Un Guarneri “filius Andreae”.

La storia risulta interessante: sottratto dai nazisti ad un negoziante ebreo di strumenti musicali, il violino è da anni al centro di una disputa tra gli eredi del negoziante ed una Fondazione tedesca che oggi risulta proprietaria del bene musicale in forza di un lascito testamentario.

Il proprietario del violino era stato fino al 1939 Felix Hildesheimer, il quale lo aveva acquistato nel 1938 dal negozio di strumenti musicali Hamma & Co. di Stoccarda. Poco dopo, a causa delle sue origini ebraiche e per le leggi razziali, Hildesheimer fu costretto a vendere la sua casa e il suo negozio di musica.
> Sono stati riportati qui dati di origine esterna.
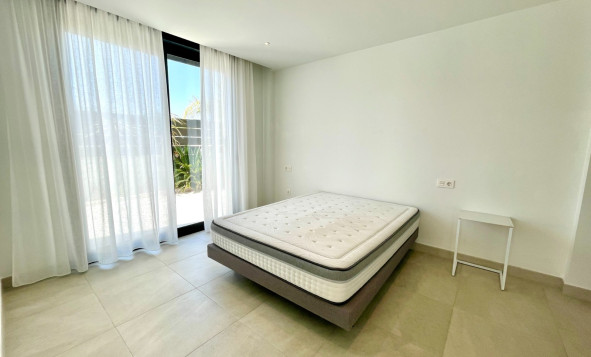 Reventa - 3. Casa indepiende - Benijófar - Costa Blanca Sur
Non essendo riuscito ad avere un visto per fuggire in Australia e terribilmente angosciato per il proprio futuro, Hildesheimer si tolse la vita il primo agosto 1939. Anche il destino di sua moglie fu profondamente segnato, sebbene e per fortuna, con un lieto fine: internata dai nazisti nel campo di prigionia di Gurs, nel sud della Francia, riuscì a fuggire negli Stati Uniti assieme alle due figlie.

Un funzionario del ghetto di Lódz registra i violini portati alla banca del ghetto. I violini confiscati furono successivamente preparati per la spedizione in Germania (Foto: Archivi dell’Istituto Yivo per la ricerca ebraica, New York).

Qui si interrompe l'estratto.